*WORK REQUIRED:*
Using the records below, copy exactly the part that opens with the line holding "Vleermuizen zoeken in" and closes with the line holding "Calentamiento global de", minus the pictures.

*PROVIDED INFORMATION:*
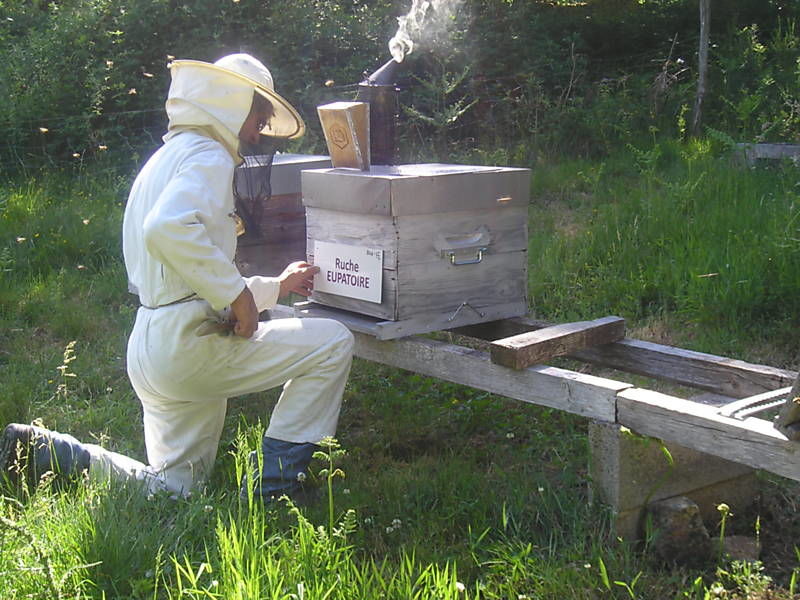 La ruche Eupatoire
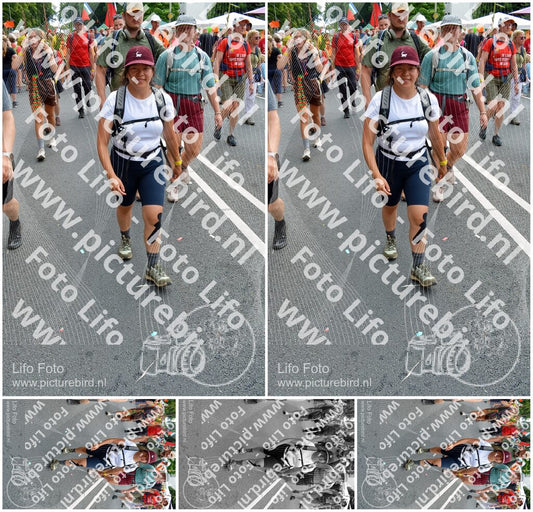 Evenement foto: Nijmeegse Vierdaagse 1096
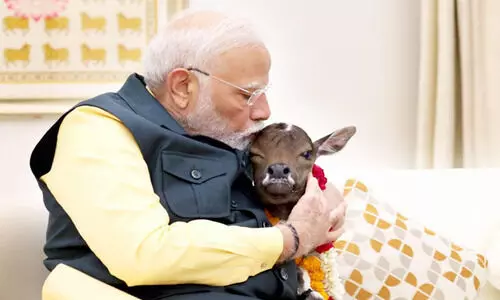 ജമ്മു കശ്മീരിലെ റാലിക്ക് തൊട്ടുമുമ്പ് പശുക്കിടാവുമൊത്തുള്ള ഫോ​ട്ടോയുമായി മോദി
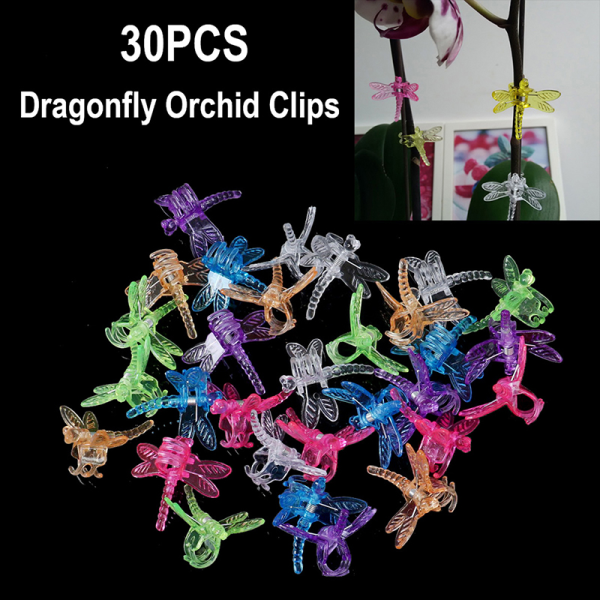 30 stk Dragonfly Orchid Clips Grower Support Clips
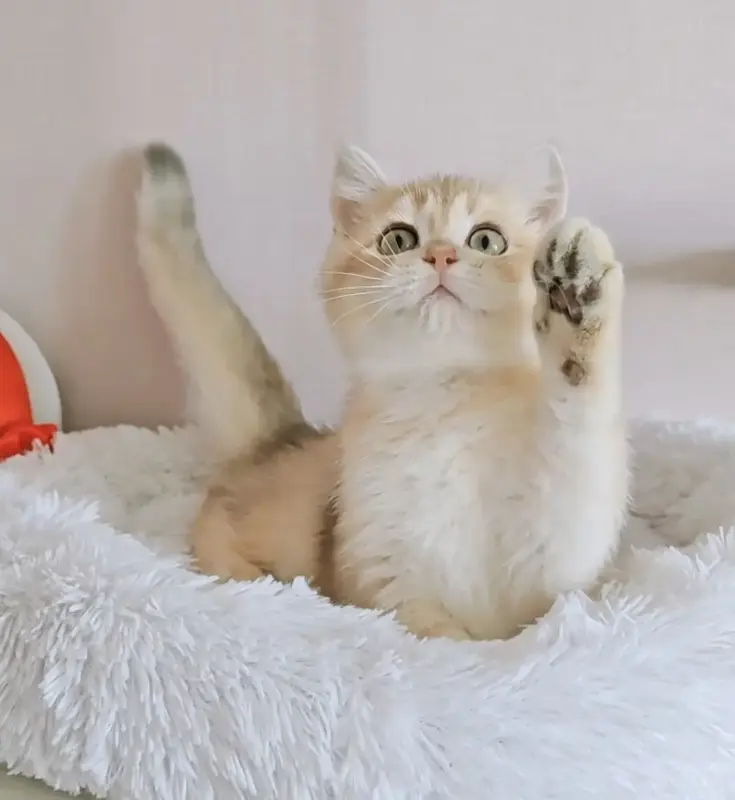 Шотландский прямоухий мальчик
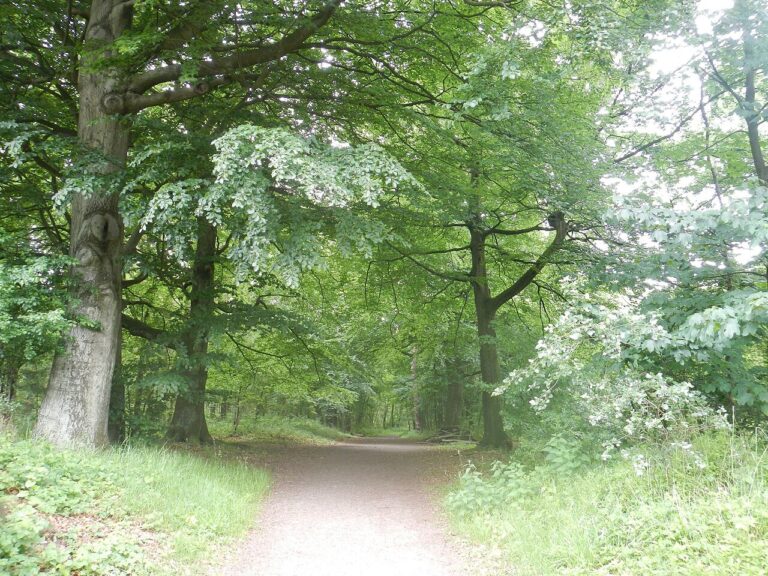 Vleermuizen zoeken in het bos Wildrijk — natuur in Schagen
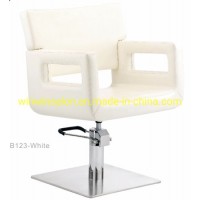 B123 Styling Chairs of Win Win Salon Furniture and Equipment and Beauty Salon Shop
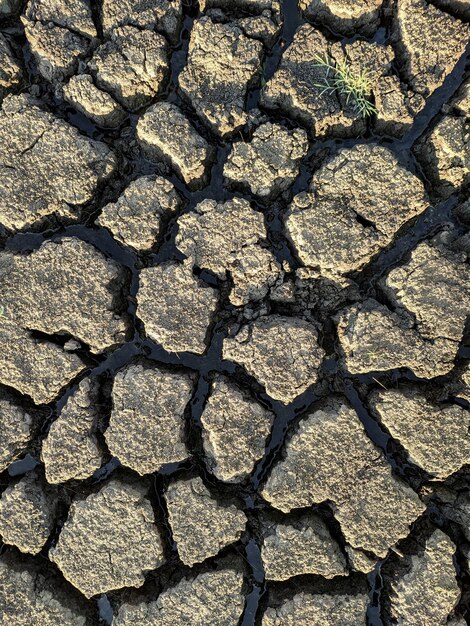 Calentamiento global de la textura del fondo del fondo del lago agrietado seco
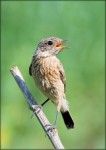 Западный черноголовый чекан - Saxicola rubicola фото-18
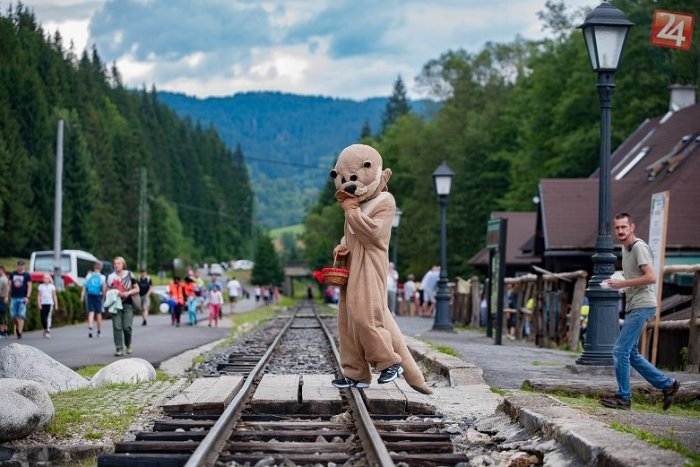 Ilustračný obrázok k článku Deň stromu bude v duchu osláv 20. výročia vzniku podniku Lesy SR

*ANSWER TO THIS TASK:*
 Vleermuizen zoeken in het bos Wildrijk — natuur in Schagen
 B123 Styling Chairs of Win Win Salon Furniture and Equipment and Beauty Salon Shop
 Calentamiento global de la textura del fondo del fondo del lago agrietado seco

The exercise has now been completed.